For clinicians responsible interpreting results to patients, it is important to emphasize that 0% strict criteria does not necessarily implicate that no normal sperm is present: it only signifies that no sperm meeting a set of criteria was observed in the sample (24).
Nevertheless, even in cases of severe teratozoospermia fertilization may be possible; most promising is the development of intracytoplasmic sperm injection ( ICSI ) as the treatement of first choice in these cases.(27).
Another conclusion is that only one standard method should be recommended for the preparation of morphology slides in order to ensure inter-laboratory comparability of results and to enhance the value of sperm morphology analysis for predicting fertility (23). At present there are five techniques of sperm preparation. For practical purposes, the Papanicolaou method seems the most suited, due to its widespread use.

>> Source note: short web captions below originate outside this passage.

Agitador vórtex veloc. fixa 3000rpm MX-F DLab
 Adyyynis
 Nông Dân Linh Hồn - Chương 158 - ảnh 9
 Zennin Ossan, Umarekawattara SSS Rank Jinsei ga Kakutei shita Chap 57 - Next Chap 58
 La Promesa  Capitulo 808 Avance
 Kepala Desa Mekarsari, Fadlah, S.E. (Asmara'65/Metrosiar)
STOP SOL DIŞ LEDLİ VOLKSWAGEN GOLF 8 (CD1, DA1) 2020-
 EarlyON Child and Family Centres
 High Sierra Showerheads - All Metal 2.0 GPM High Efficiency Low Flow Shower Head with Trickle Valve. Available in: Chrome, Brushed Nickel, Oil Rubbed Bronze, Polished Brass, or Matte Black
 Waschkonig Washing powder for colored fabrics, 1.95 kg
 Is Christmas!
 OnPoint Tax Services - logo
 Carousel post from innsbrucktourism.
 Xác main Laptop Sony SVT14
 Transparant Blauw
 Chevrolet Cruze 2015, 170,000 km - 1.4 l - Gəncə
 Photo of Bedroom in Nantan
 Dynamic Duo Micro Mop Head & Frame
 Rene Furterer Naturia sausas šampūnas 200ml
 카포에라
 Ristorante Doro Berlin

Sperm morphology must only be considered as an indicator of fertilization potential, not as an absolute indicator of sterility. The aim should be to find the minimum sperm parameters associated with specific methods of seminal treatment and with culture techniques which can lead to a single, common stategy for male infertility problems.
The Human Fertilization and Embryology Authority (1991) and WHO (1993) strongly suggest that for the treatment of infertility both partners must be evaluated in order to exclude subtle problems.